_Extracted data entries_
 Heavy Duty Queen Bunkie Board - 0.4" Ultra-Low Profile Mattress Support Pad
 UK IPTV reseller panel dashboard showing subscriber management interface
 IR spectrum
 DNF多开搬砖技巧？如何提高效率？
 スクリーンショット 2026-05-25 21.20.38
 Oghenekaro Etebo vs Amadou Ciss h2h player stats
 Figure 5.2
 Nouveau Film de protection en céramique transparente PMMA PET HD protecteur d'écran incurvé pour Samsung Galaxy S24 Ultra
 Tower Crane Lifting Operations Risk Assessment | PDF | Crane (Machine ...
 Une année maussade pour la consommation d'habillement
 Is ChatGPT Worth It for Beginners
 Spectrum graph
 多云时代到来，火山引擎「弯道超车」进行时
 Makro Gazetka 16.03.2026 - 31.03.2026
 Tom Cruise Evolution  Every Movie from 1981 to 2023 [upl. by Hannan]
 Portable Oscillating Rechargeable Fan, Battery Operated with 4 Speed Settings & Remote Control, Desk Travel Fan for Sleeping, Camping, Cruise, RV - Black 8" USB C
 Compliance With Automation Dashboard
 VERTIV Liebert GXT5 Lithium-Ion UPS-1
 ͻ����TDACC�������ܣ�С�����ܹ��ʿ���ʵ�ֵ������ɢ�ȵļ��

_Exercise objective_
Please output all of the entries without changing a single character.

_Your response_
 Heavy Duty Queen Bunkie Board - 0.4" Ultra-Low Profile Mattress Support Pad
 UK IPTV reseller panel dashboard showing subscriber management interface
 IR spectrum
 DNF多开搬砖技巧？如何提高效率？
 スクリーンショット 2026-05-25 21.20.38
 Oghenekaro Etebo vs Amadou Ciss h2h player stats
 Figure 5.2
 Nouveau Film de protection en céramique transparente PMMA PET HD protecteur d'écran incurvé pour Samsung Galaxy S24 Ultra
 Tower Crane Lifting Operations Risk Assessment | PDF | Crane (Machine ...
 Une année maussade pour la consommation d'habillement
 Is ChatGPT Worth It for Beginners
 Spectrum graph
 多云时代到来，火山引擎「弯道超车」进行时
 Makro Gazetka 16.03.2026 - 31.03.2026
 Tom Cruise Evolution  Every Movie from 1981 to 2023 [upl. by Hannan]
 Portable Oscillating Rechargeable Fan, Battery Operated with 4 Speed Settings & Remote Control, Desk Travel Fan for Sleeping, Camping, Cruise, RV - Black 8" USB C
 Compliance With Automation Dashboard
 VERTIV Liebert GXT5 Lithium-Ion UPS-1
 ͻ����TDACC�������ܣ�С�����ܹ��ʿ���ʵ�ֵ������ɢ�ȵļ��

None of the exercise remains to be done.